In just a few weeks, the BAM staff will return to working in Providence for the first time in a year and a half. I can’t wait to see my coworkers and take some time to wander around campus. We probably won’t all be back in the office every day—we’re still working out the details—but we know we all want to be there together at least a couple of days each week. While many magazines operate on a completely remote basis, an alumni magazine is different—it’s rooted, after all, in a sense of place. There’s just no substitute for a stroll across the Green in person. And now, thanks to the reporting of Alina Kulman ’21 (see pg. 18), as I walk, I’ll be looking out for European starlings.
Alina is one of many student writing interns we’ve been lucky enough to work with and we’re incredibly grateful to all of them.
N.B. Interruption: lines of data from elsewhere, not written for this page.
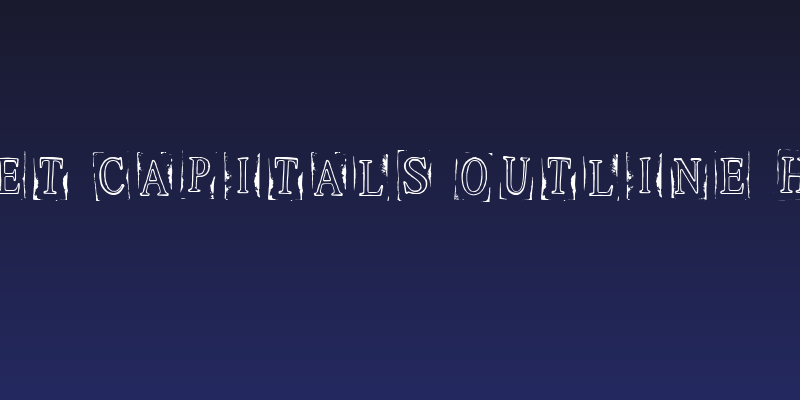 Ticket Capitals Outline Heavy Social Header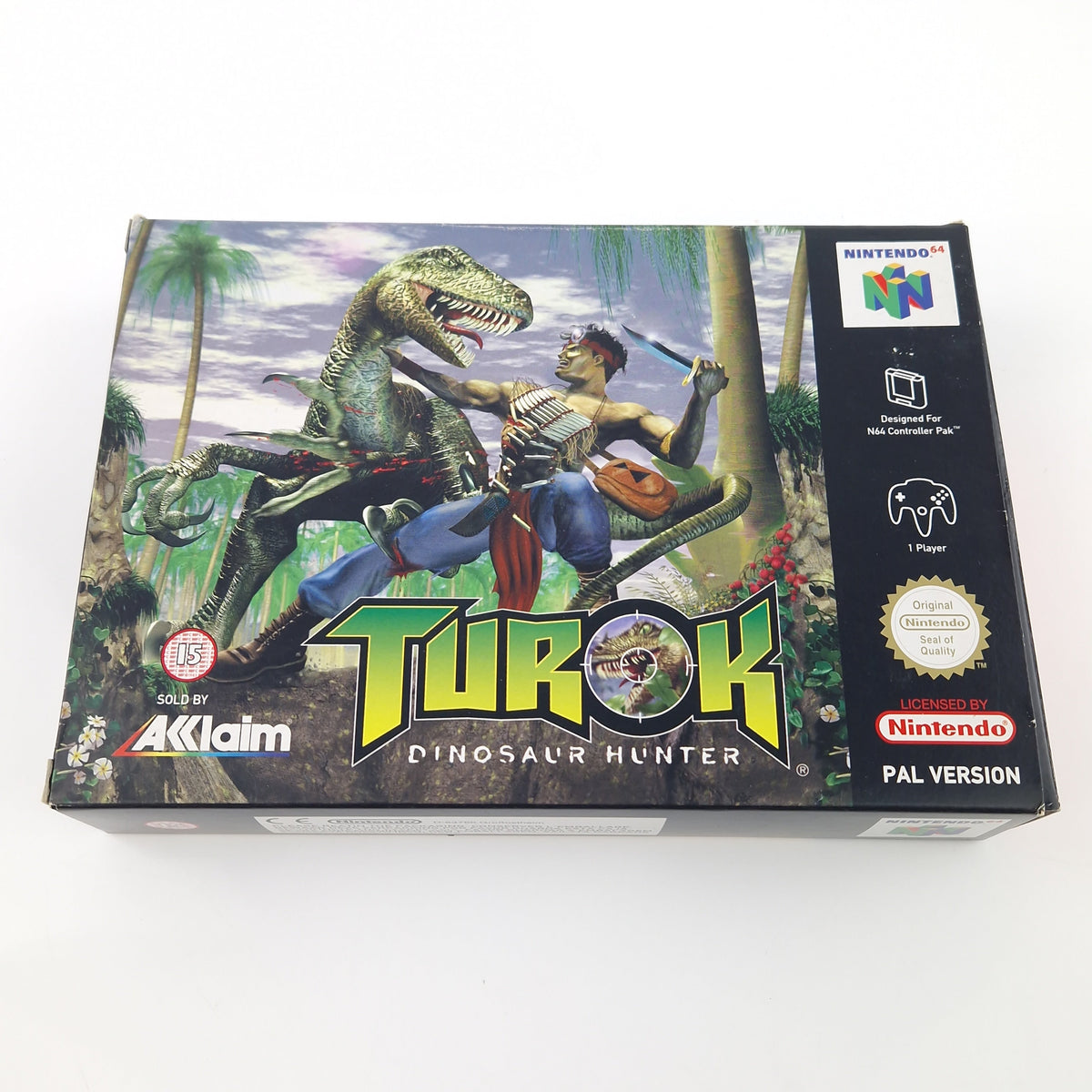 Nintendo 64 Spiel – Turok Dinosaur Hunter OVP PAL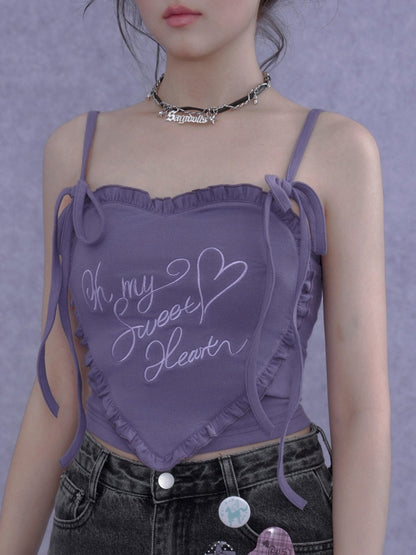 3D Ruffle Heart Camisole【s0000016756】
Unlike us BAM staff, they have been allowed on campus during the pandemic and thus have been a lifeline for us in all matters related to campus activities and mood. They have helped us—and hopefully you, too—stay in touch with the sense of place we’ve been missing. They have also been deeply involved in some award-winning stories.
In June, we learned that BAM had once more won writing prizes from the Council for the Advancement and Support of Education’s annual Excellence Awards. Our back page (pg. 72 in most issues), a section we call Current Obsession, took bronze in the international award program. Judges called it “one of the most successful, authentic approaches we’ve seen” to highlighting voices on campus, and noted they “especially appreciated the staff’s commitment to ‘faithfully preserve the way story subjects actually speak.’”
‘Complex, compelling narratives—stories that move the needle.’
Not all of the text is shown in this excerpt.